Farrakhan rebuilt the Nation of Islam -- which promotes black empowerment and nationalism -- in the late 1970s after W.D. Mohammed, the son of longtime leader Elijah Mohammed, moved his followers toward mainstream Islam.
Farrakhan has drawn attention for calling Judaism a "gutter religion" and suggesting crack cocaine might have been a CIA plot to enslave blacks.
Obama said Farrakhan's repeated anti-Israel and anti-Jewish tirades were "unacceptable and reprehensible."
"I have been very clear in my denunciation of his anti-Semitic comments," Obama said at a presidential debate with Democratic rival Hillary Clinton, insisting he had not sought Farrakhan's endorsement in any way.
Asked about his own Chicago pastor's warm words for Farrakhan in the past, Obama insisted "I have some of the strongest support from the Jewish community."
"And the reason is because I have been a stalwart friend of Israel's. I think they are one of our most important allies in the region, and I think that their security is sacrosanct," he said.

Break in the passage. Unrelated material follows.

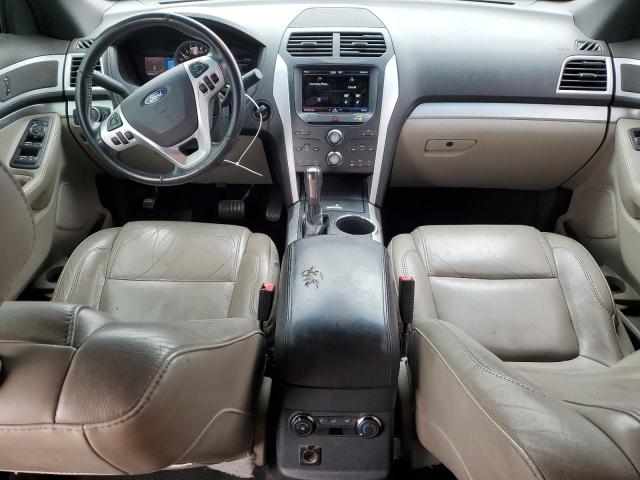 Photo 8 from auction – 2013 FORD EXPLORER X with VIN 1FM5K7D96DGB20394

Clinton suggested that Obama's remarks on Farrakhan had been weak, arguing he should "reject" the Nation of Islam figurehead rather than "denounce" him.
Obama said there was nothing to reject in terms of a formal offer of help from Farrakhan.
"But if the word 'reject' Senator Clinton feels is stronger than the word 'denounce,' then I'm happy to concede the point. And I would reject and denounce," he said to laughter.
In recent years, officials with the Nation of Islam have promoted unity and tolerance among religions.
Obama, who is battling Hillary Clinton for the Democratic nomination, has had to fend off false claims perpetuated by email that he is a secret Muslim.
Obama's Kenyan father was a non-observant Muslim, but the candidate himself was raised as a Christian by his white American mother.